Dataset content
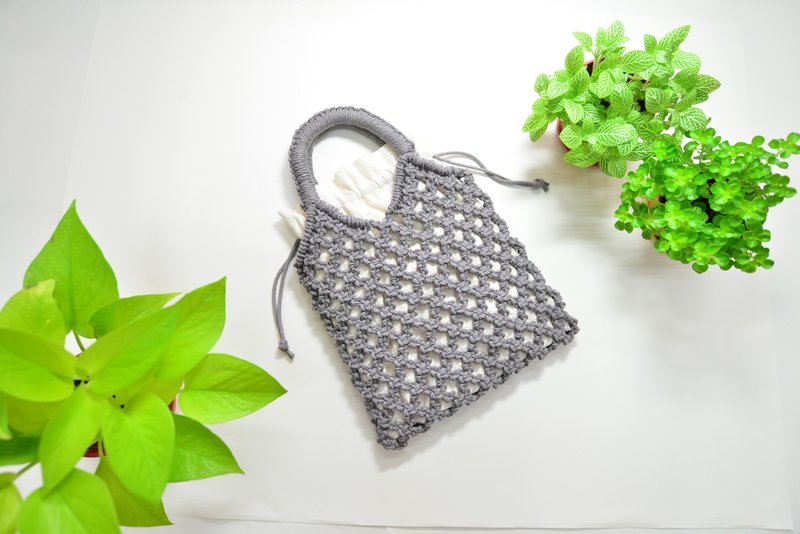 Mesh woven handbag DIY material bag - เย็บปัก/ถักทอ/ใยขนแกะ - ผ้าฝ้าย/ผ้าลินิน 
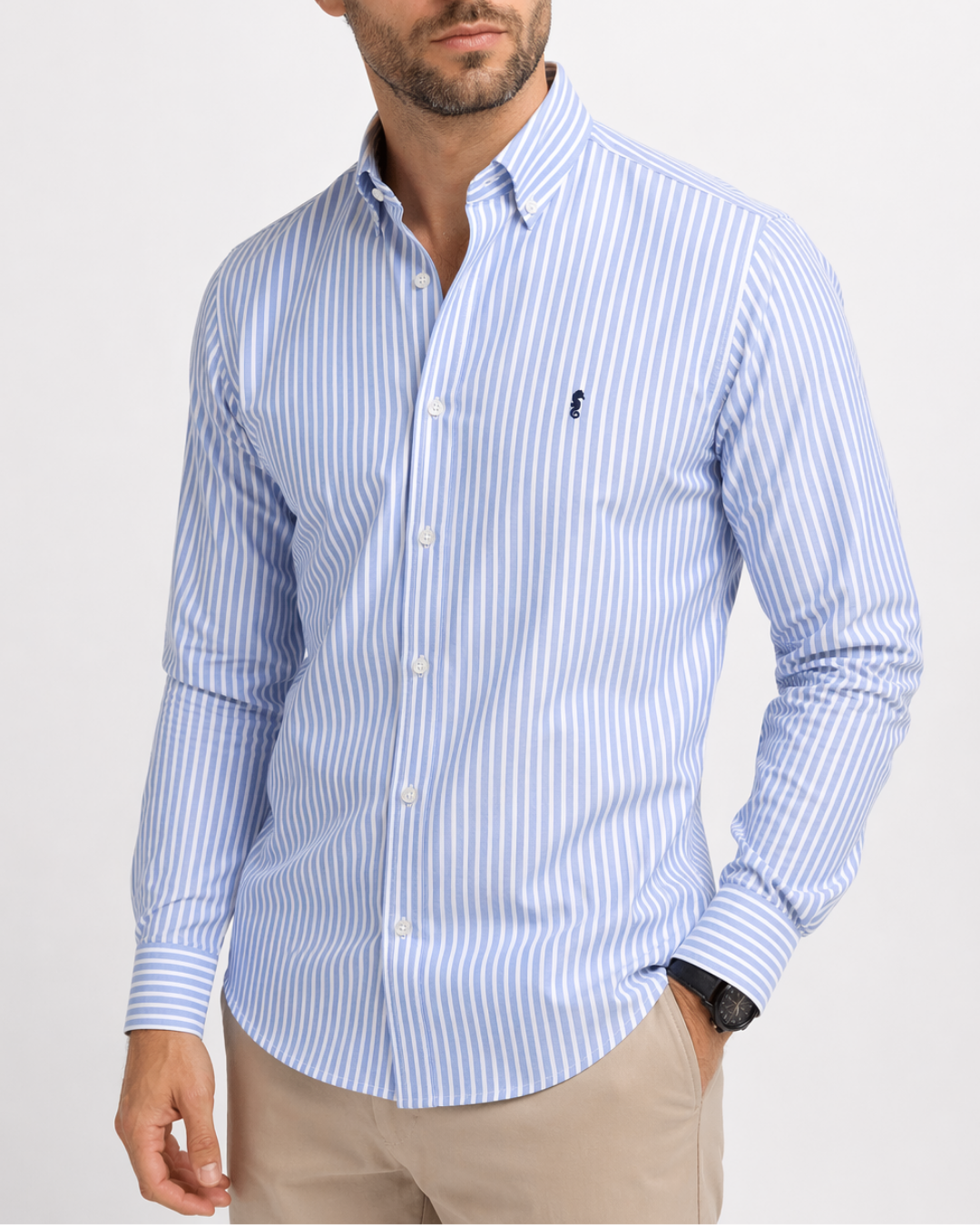 Camisa 100% Algodón Manga Larga Azul Claro Rayas Blancas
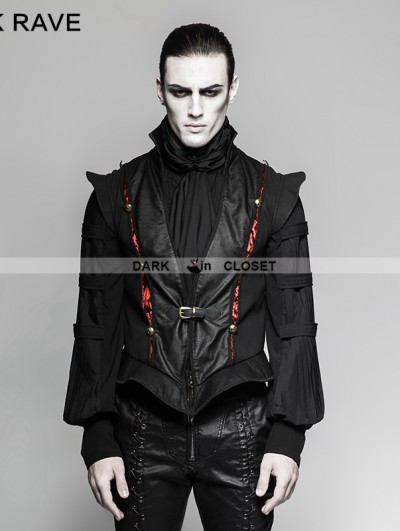 Punk Rave Black Gothic Century Palace Luxury Vest for Men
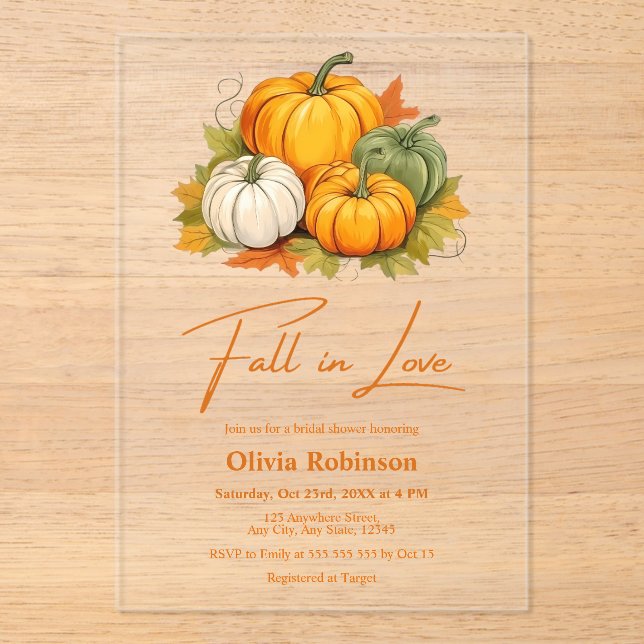 Rustic Pumpkin Fall in Love Bridal Shower  Acrylic Invitations (Front)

Requirement
Copy every line above exactly; images stay out.

Result of this exercise
 Mesh woven handbag DIY material bag - เย็บปัก/ถักทอ/ใยขนแกะ - ผ้าฝ้าย/ผ้าลินิน 
 Camisa 100% Algodón Manga Larga Azul Claro Rayas Blancas
 Punk Rave Black Gothic Century Palace Luxury Vest for Men
 Rustic Pumpkin Fall in Love Bridal Shower  Acrylic Invitations (Front)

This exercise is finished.